== PROBLEM STATEMENT ==
The result should be an exact copy of the entries below, free of pictures.

== Pictures with short captions ==
.....
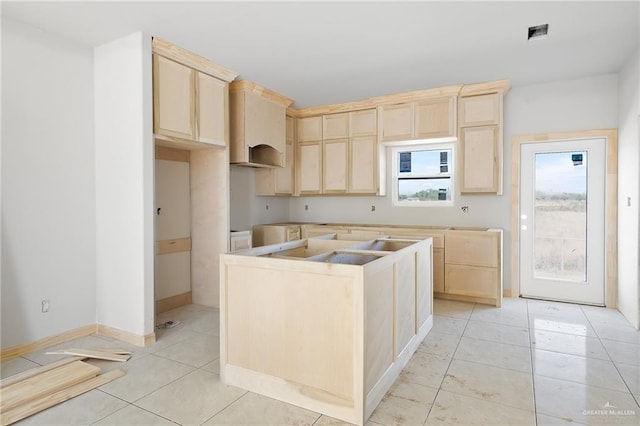 kitchen featuring light brown cabinetry, a kitchen island, and light tile patterned flooring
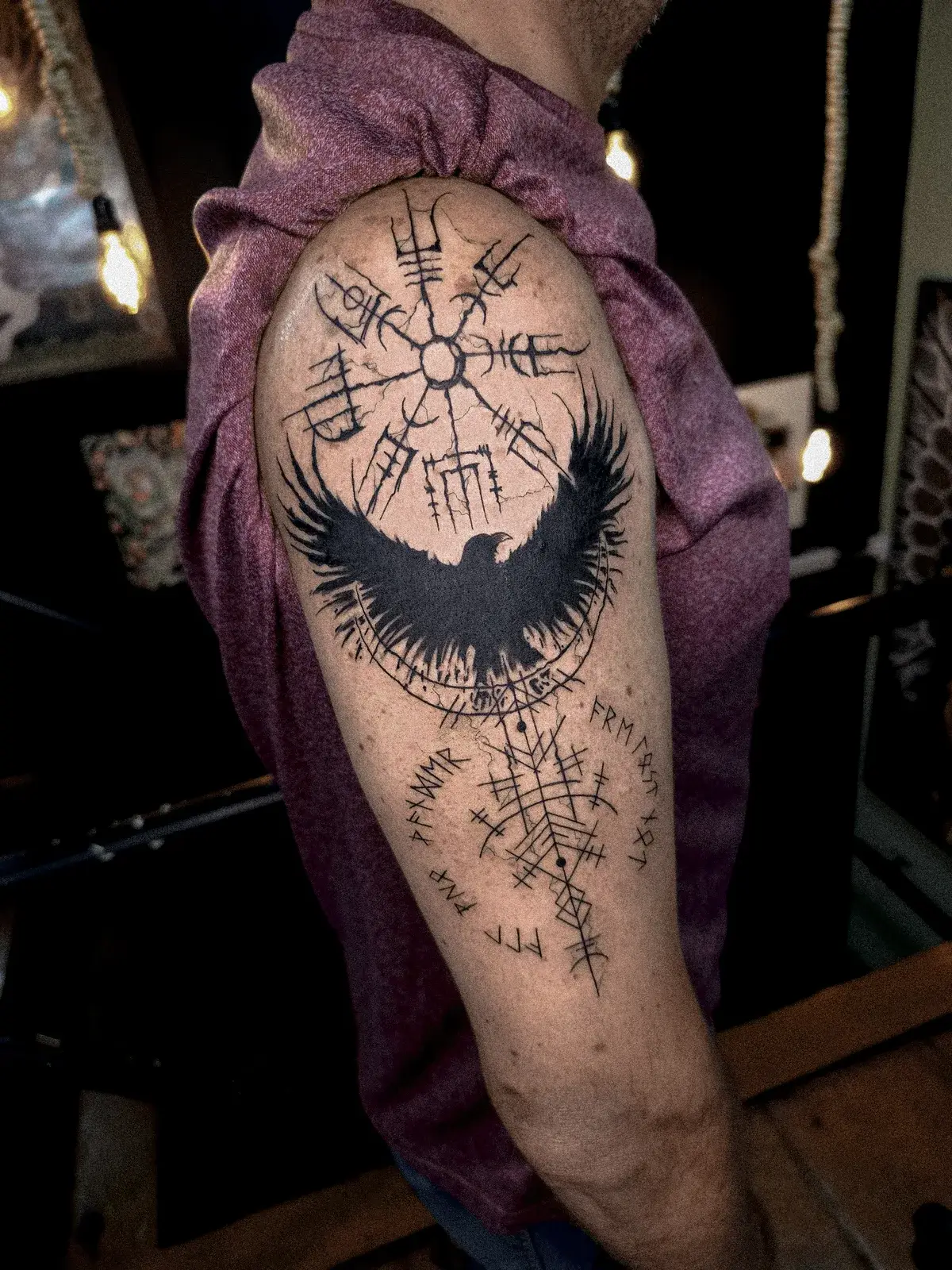 Tatuagem blackwork de bússola viking vegvisir com corvo em preto sólido no ombro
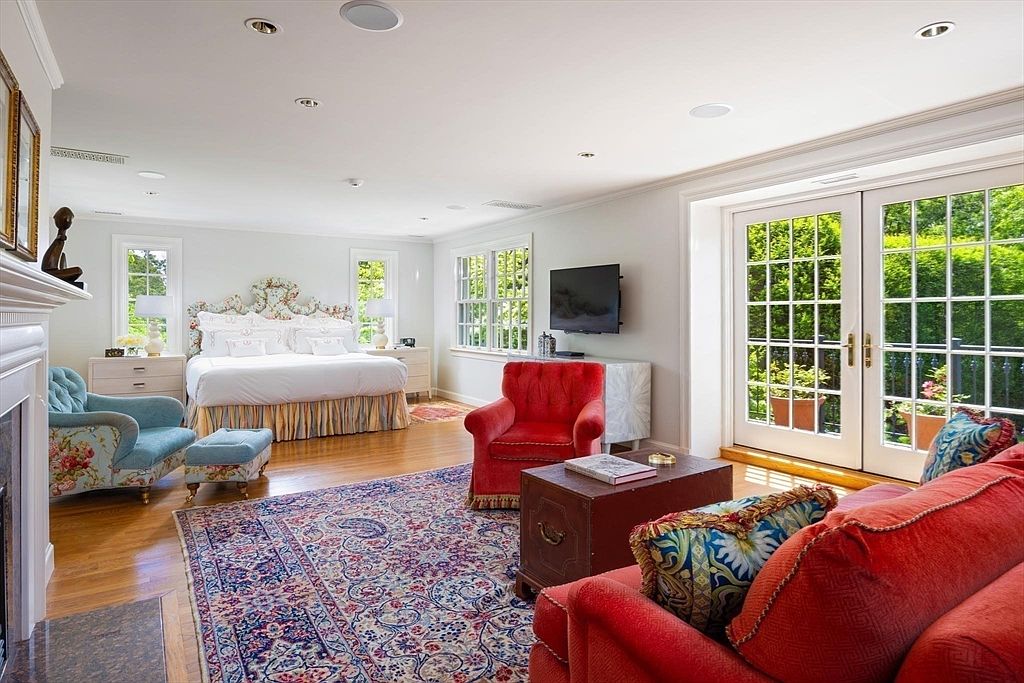 This spacious primary bedroom features a classic, elegant design with a large bed as the focal point, complemented by a vibrant, traditional area rug and a cozy seating area. The room is bathed in natural light from the French doors that open to an outdoor space, while a fireplace and television provide comfort and entertainment. The combination of soft neutral walls and bold, colorful furniture creates a sophisticated and inviting atmosphere.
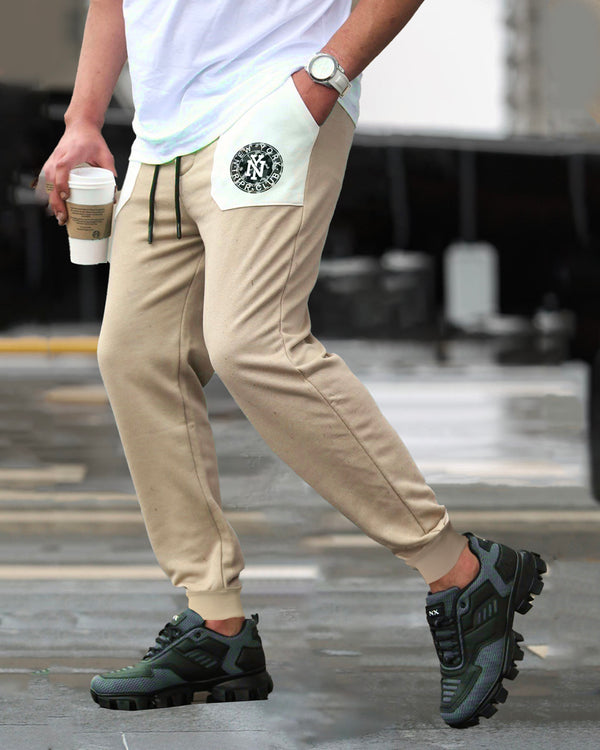 Model wearing newyork logo printed beige cargo pant with sneakers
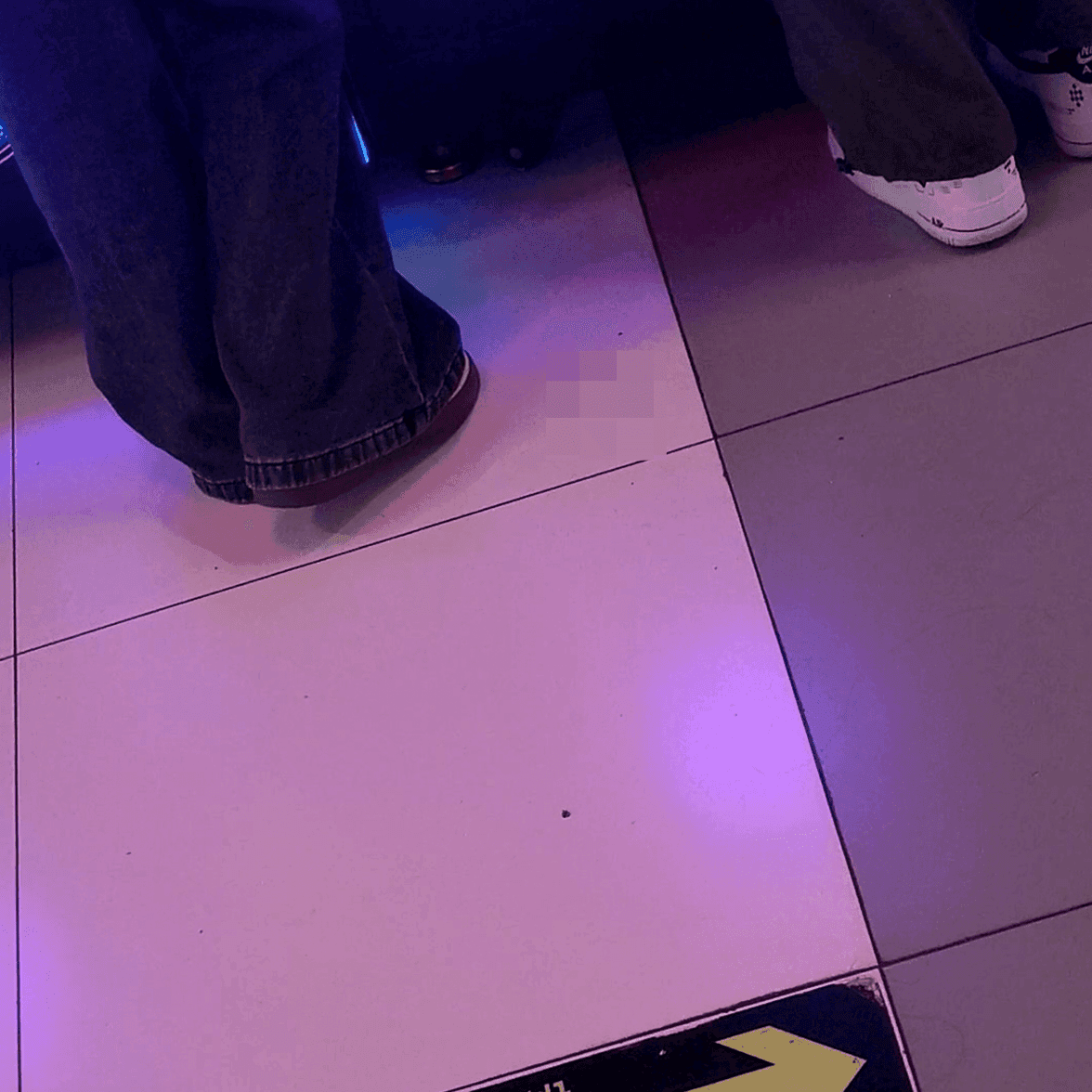 Game arcade lady in sandals and leather shoes candid crush and stuck to soles
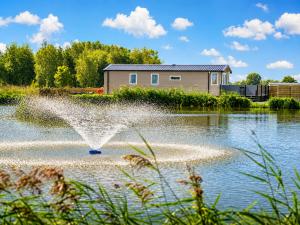 a fountain in the middle of a body of water at Parkside Fishery in Skegness
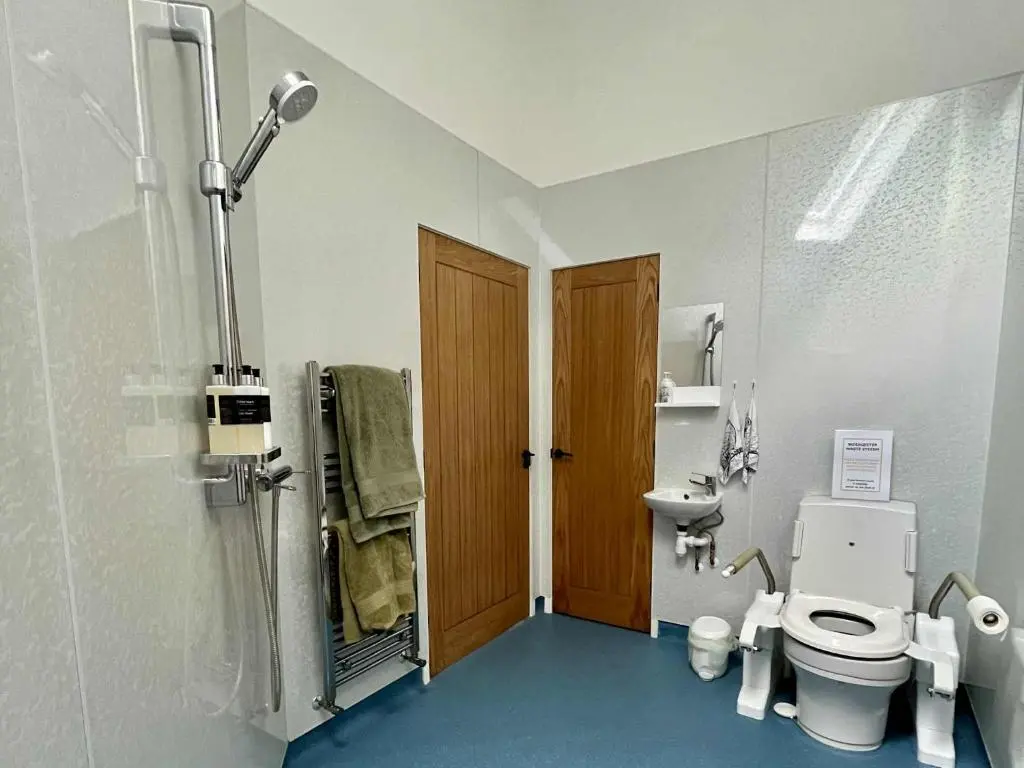 a small bathroom with a toilet and a shower at Ardachy Riverside Accessible One bedroom Holiday let in Fort Augustus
.....
== WRITTEN ANSWER ==
 kitchen featuring light brown cabinetry, a kitchen island, and light tile patterned flooring
 Tatuagem blackwork de bússola viking vegvisir com corvo em preto sólido no ombro
 This spacious primary bedroom features a classic, elegant design with a large bed as the focal point, complemented by a vibrant, traditional area rug and a cozy seating area. The room is bathed in natural light from the French doors that open to an outdoor space, while a fireplace and television provide comfort and entertainment. The combination of soft neutral walls and bold, colorful furniture creates a sophisticated and inviting atmosphere.
 Model wearing newyork logo printed beige cargo pant with sneakers
 Game arcade lady in sandals and leather shoes candid crush and stuck to soles
 a fountain in the middle of a body of water at Parkside Fishery in Skegness
 a small bathroom with a toilet and a shower at Ardachy Riverside Accessible One bedroom Holiday let in Fort Augustus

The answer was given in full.